Background: Current pathways using high-sensitivity cardiac troponin (hs-cTn) to rule in and rule out myocardial infarction (MI) are assay specific. This requires clinicians and laboratories to use the correct assay-specific cutoffs, deltas, and time between measurements for optimal decision making. To overcome these challenges, we developed a new common laboratory pathway (i.e., ALARRM: a laboratory approach for rapid risk-assessment for MI) to aid in early risk stratification for MI in the emergency department (ED) using the combined validated clinical chemistry score (CCS) and common change criteria (3C) algorithm. The objective of our study was to assess the diagnostic performance (sensitivity and specificity) and effectiveness (combination of rule out/low risk and rule in/high risk) of ALARRM.

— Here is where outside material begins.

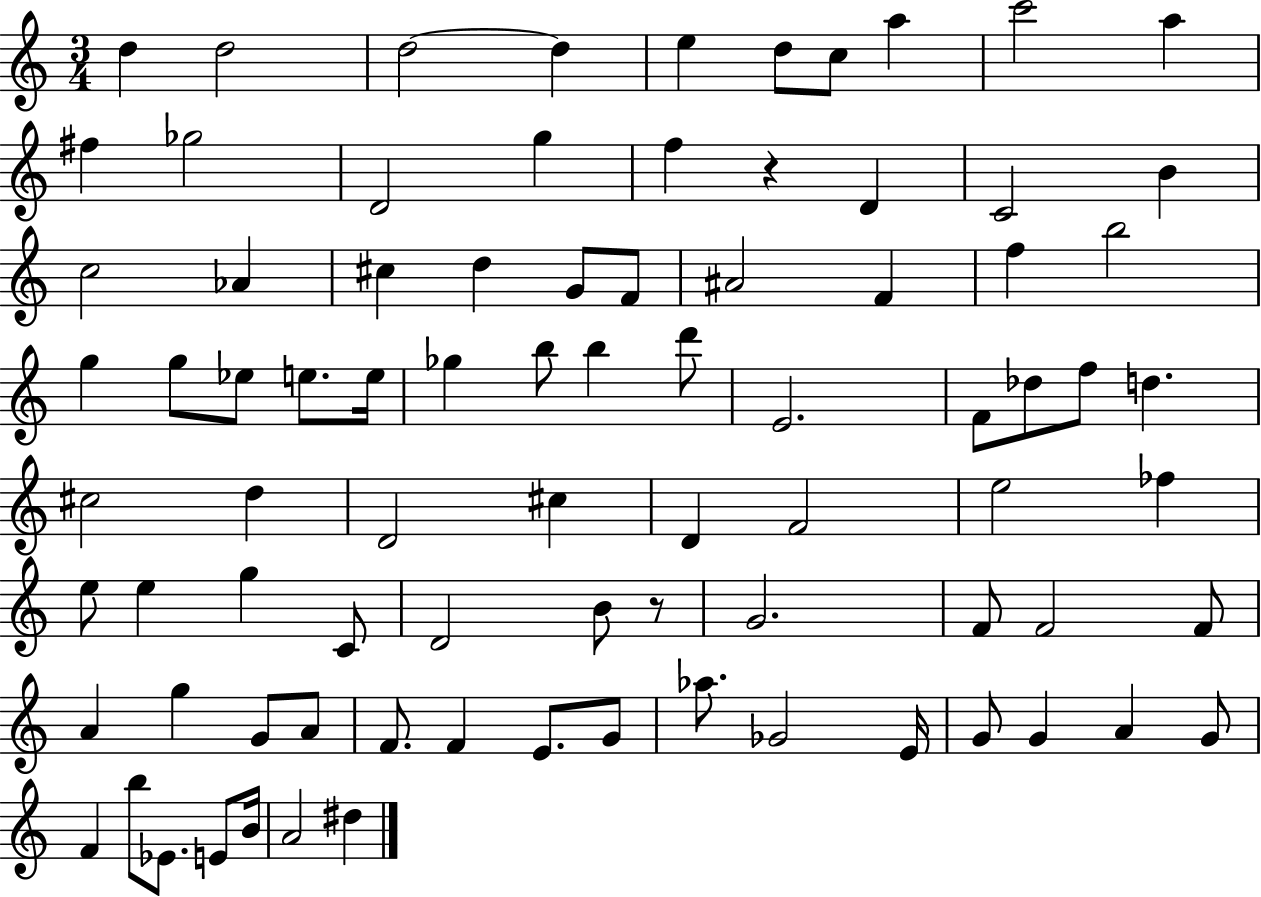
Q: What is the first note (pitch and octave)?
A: D5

Methods: The study cohort (n = 855) consisted of patients presenting to the ED with acute coronary syndrome symptoms and had two blood samples collected three hours apart for measurement of Abbott hs-cTnI, Ortho hs-cTnI, Roche hs-cTnT, glucose, and creatinine (for the estimated glomerular filtration rate (eGFR) calculation). We also assessed the European society of cardiology (ESC) single sample assay-specific cutoffs with both ALARRM and ESC criteria being assessed for index MI in the cohort.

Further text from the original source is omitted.